*YOUR OBJECTIVE:* Every entry below must be copied exactly, with nothing left out.

*DATA:*
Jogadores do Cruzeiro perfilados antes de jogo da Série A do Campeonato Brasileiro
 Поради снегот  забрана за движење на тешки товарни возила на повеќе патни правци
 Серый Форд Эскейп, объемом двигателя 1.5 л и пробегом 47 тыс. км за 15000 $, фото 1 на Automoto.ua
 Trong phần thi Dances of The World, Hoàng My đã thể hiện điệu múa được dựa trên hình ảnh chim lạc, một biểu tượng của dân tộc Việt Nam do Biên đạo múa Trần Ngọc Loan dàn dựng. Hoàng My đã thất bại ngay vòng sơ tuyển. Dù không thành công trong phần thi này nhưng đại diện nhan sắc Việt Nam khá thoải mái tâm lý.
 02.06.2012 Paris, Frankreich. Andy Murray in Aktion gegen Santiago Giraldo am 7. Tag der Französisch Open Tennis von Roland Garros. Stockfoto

*ANSWER FOR THE TASK:*
Jogadores do Cruzeiro perfilados antes de jogo da Série A do Campeonato Brasileiro
 Поради снегот  забрана за движење на тешки товарни возила на повеќе патни правци
 Серый Форд Эскейп, объемом двигателя 1.5 л и пробегом 47 тыс. км за 15000 $, фото 1 на Automoto.ua
 Trong phần thi Dances of The World, Hoàng My đã thể hiện điệu múa được dựa trên hình ảnh chim lạc, một biểu tượng của dân tộc Việt Nam do Biên đạo múa Trần Ngọc Loan dàn dựng. Hoàng My đã thất bại ngay vòng sơ tuyển. Dù không thành công trong phần thi này nhưng đại diện nhan sắc Việt Nam khá thoải mái tâm lý.
 02.06.2012 Paris, Frankreich. Andy Murray in Aktion gegen Santiago Giraldo am 7. Tag der Französisch Open Tennis von Roland Garros. Stockfoto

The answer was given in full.